*STORED DATA*
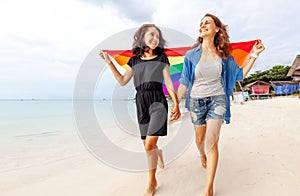 Beautiful female young lesbian couple in love walks along the beach with a rainbow flag, symbol of the LGBT community, equal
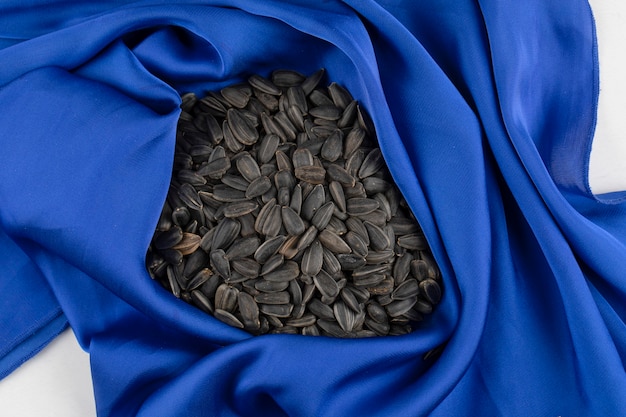 Heap full of sunflower black seeds placed on blue tablecloth 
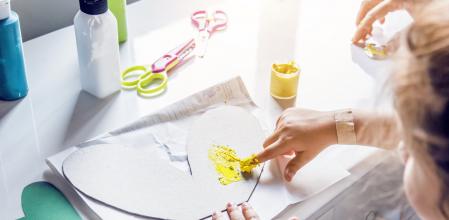 An unrecognizable little girl doing finger painting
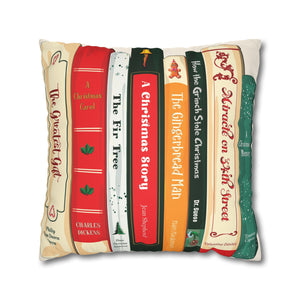 Decorative holiday pillow with book spine designs on a white background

*INSTRUCTIONS FOR THE TASK*
Set down the material above exactly as written, but not the pictures.

*ANSWER SPACE*
 Beautiful female young lesbian couple in love walks along the beach with a rainbow flag, symbol of the LGBT community, equal
 Heap full of sunflower black seeds placed on blue tablecloth 
 An unrecognizable little girl doing finger painting
 Decorative holiday pillow with book spine designs on a white background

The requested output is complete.